Among the entries below, tally each line containing "when"; respond with the total only.
--- START ---
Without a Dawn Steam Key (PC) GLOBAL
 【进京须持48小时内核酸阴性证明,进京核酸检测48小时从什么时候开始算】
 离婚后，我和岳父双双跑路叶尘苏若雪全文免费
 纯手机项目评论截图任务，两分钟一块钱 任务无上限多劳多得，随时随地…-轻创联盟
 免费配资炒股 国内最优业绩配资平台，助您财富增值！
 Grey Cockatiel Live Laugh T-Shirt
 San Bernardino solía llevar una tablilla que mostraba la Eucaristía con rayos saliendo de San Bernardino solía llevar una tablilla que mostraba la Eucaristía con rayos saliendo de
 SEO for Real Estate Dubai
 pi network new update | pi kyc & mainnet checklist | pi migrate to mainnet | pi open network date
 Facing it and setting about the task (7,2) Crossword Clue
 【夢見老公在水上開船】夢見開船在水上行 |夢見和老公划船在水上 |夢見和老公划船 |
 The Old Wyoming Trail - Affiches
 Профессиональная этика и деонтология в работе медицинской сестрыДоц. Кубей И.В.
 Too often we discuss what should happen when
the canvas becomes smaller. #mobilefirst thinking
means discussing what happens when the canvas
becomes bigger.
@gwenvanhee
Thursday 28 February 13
--- END ---
■ **The answer**
2